12. Cumulative trial errors, when considered collectively, may be so great as to require reversal of a defendant's convictions. The test is whether the totality of circumstances substantially prejudiced the defendant and denied the defendant a fair trial. No prejudicial error may be found under this cumulative effect rule, however, if the evidence is overwhelming against the defendant.

Carl Folsom, III, of Kansas Appellate Defender Office, argued the cause and was on the brief for appellant.

Steven J. Obermeier, assistant district attorney, argued the cause, and Stephen M. Howe, district attorney, and Steve Six, attorney general, were with him on the brief for appellee.

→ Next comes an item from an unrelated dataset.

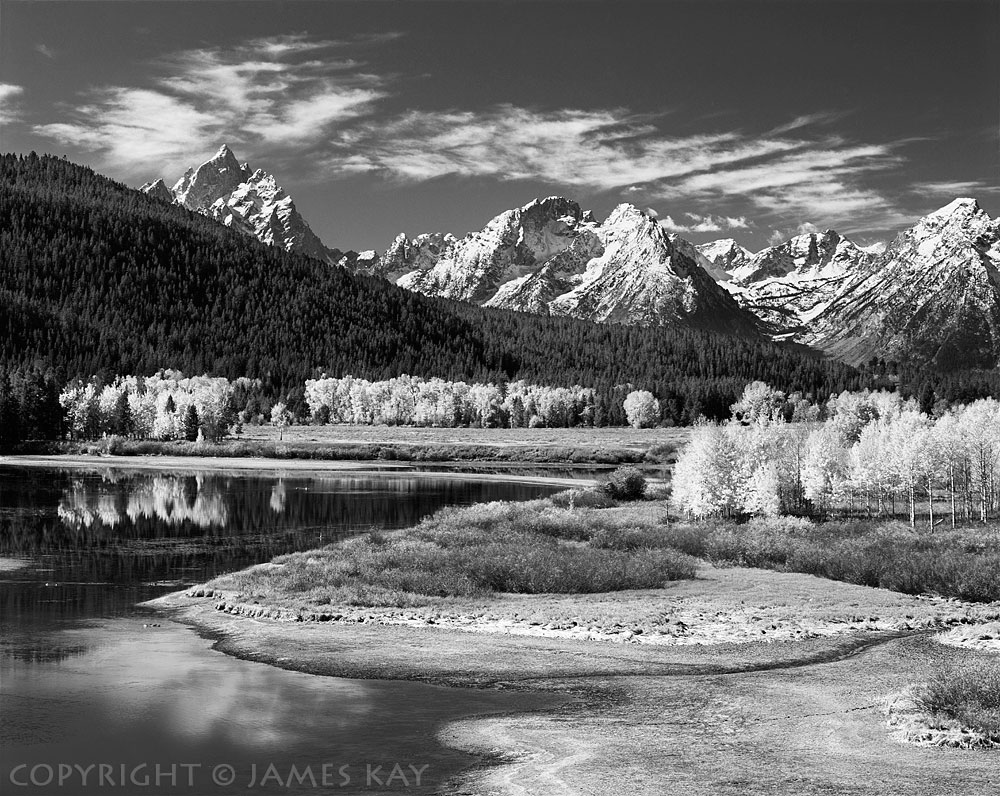 ID# 67-WY-TE-0263-BW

Andrew Ramey Ellmaker, a juvenile who was certified to stand trial as an adult, appeals his convictions of premeditated first-degree murder and aggravated battery. He also appeals his sentence of life imprisonment without parole for 50 years. He raises several issues that we have taken the liberty to rephrase to [289 Kan. 1134] reflect the parties' arguments and to reorder for ease of discussion: (1) Did the district court err by giving an instruction regarding the definition of criminal intent as it related to premeditated first-degree murder? (2) Did the district court err by giving an Allen -type instruction to the jury (see Allen v. United States, 164 U.S. 492, 17 S.Ct. 154, 41 L.Ed. 528 [1896] )? (3) Where a juvenile stipulates to the evidence regarding a waiver of juvenile jurisdiction, can an appellate court under K.S.A. 38-1681 consider whether the district court erred in authorizing the prosecution of the defendant as an adult without first submitting to a jury the question of whether the facts supported the court's certification decision? (4) Where a juvenile stipulates to the evidence regarding a waiver of juvenile jurisdiction, can an appellate court consider whether the district court erred in certifying the defendant for prosecution as an adult without complying with K.S.A. 38-1636(c)(2), the statute in effect at the time of the offenses and certification? (5) Were the defendant's due process rights violated because the criminal complaint did not specify the underlying aggravating factors supporting a hard 50 life sentence? (6) Is Kansas' hard 50 sentencing scheme unconstitutional? and (7) Did cumulative errors deprive the defendant of a fair trial?

We reject most of Ellmaker's arguments, finding merit only in his contention that the Allen -type instruction was erroneous. That error, however, was not reversible, and we therefore affirm Ellmaker's convictions and his hard 50 life sentence.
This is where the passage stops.